Una curva elegante
Sólo Freud podría sostener el inconsciente entre los dedos de la mano derecha sin mancharse
Cuando me disponía a entrar en el coche, advertí que tenía los dedos de la mano derecha pringados de alguna sustancia que no reconocí. Aunque iba con el tiempo justo, decidí volver a casa para lavarme. Ahora, mi casa era la de mis padres, pero vivíamos en ella una niña de seis años y yo. No sé que relación tenía con la niña. No era su padre, ni su hermano mayor. Con la mano derecha en alto, para no manchar nada, fui atravesando las habitaciones, pues se trataba de una casa enorme, mucho más grande por dentro que por fuera. Lógicamente, abría las puertas con la mano izquierda. De camino al cuarto de baño pasé por la habitación de la niña, que dormía placidamente. Le di un beso y me reproché haber estado a punto de dejarla sola.

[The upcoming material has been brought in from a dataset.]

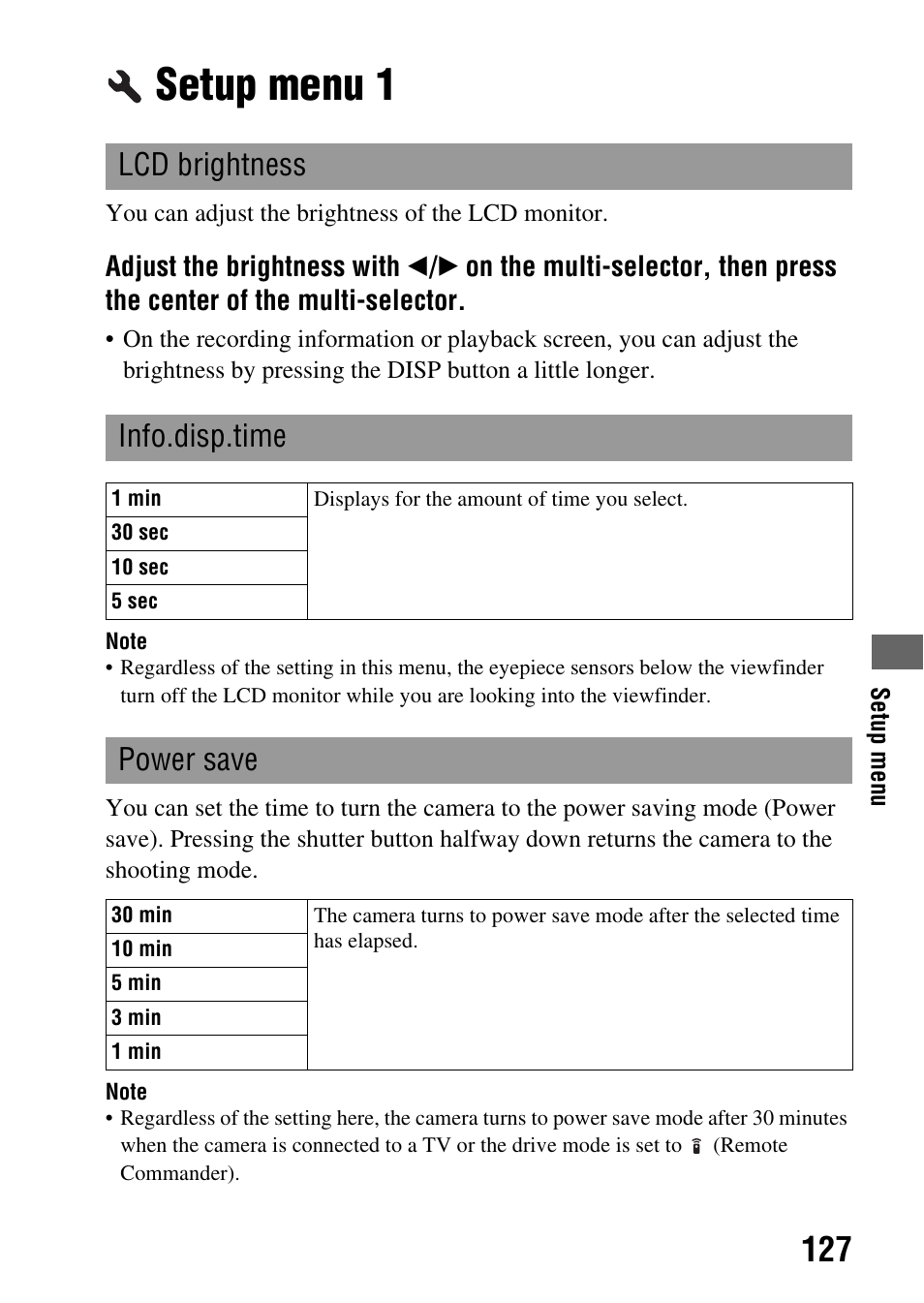 Setup menu 1, Eyepiece sensors (127), Setup menu | Lcd brightness info.disp.time, Power save | Sony A900 User Manual | Page 127 / 174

Luego volví sobre mis pasos y atravesé el salón, siempre con la mano levantada y los dedos reunidos de este modo. En la pared del pasillo vi ese retrato de Freud que sostiene un puro en la mano derecha y observa al fotógrafo con las cejas fruncidas, como si fuera él el que está haciendo la foto. Se ha llevado la mano izquierda a la cadera y tiene la chaqueta un poco abierta, de forma que se le ve la leontina (quizá, de oro), que nace en un ojal del chaleco y muere en el bolsillo del lado izquierdo, tras trazar lo que llamamos una curva elegante. Recordé la frase de Freud según la cual un puro, a veces, es sólo un puro, lo que constituía un modo, deduje, de protegerse o de advertirnos acerca de los peligros de la sobreinterpretación. Calculé también que muy pronto se celebraría el 150º aniversario de su nacimiento y que debería escribir algo para el periódico. Estaría bien señalar que el puro simbolizaba al inconsciente. Sólo Freud podría sostener el inconsciente entre los dedos de la mano derecha sin mancharse (y sin abrasarse). Por lo general, el inconsciente, una vez encendido, te fuma a ti en lugar de tú a él.
Pero, hablando de dedos, yo continuaba sin resolver el problema de los míos porque el cuarto de baño cambiaba de lugar, como si me evitara. Me los llevé a la nariz, para ver a qué olía la sustancia pegajosa, y me pareció que olía a puro barato, quizá a caca. En una de las vueltas, volví a pasar por la habitación de la niña, que se había convertido en un perro grande y blando, un perro que tenía algo de león. Recordé la cadena de Freud, la leontina, y me pregunté por el origen de esa palabra. La buscaría en el diccionario etimológico. Pero no podré consultarlo, reflexioné, si no logro limpiarme los dedos.
En éstas, descubrí al final del pasillo la puerta del cuarto de baño. La abrí con violencia, para que no se me escapara, pero no era un cuarto de baño, era una cocina. No me parecía bien lavarme los dedos allí, aunque no me quedaba otro remedio. El problema es que al abrir el grifo con la izquierda, en vez de agua, salió una leontina, un chorro de leontina, cabría decir, que se colaba por el sumidero sin trazar ninguna curva elegante. Había al lado de la pila una banqueta en la que me senté y me puse a llorar porque sabía que el despertador sonaría de un momento a otro y la niña se despertaría con los dedos sucios. Entonces sonó, en efecto, y me desperté llorando, pero tenía los dedos limpios. Pensé que los habían limpiado las lágrimas, así que me arreglé y me fui a trabajar.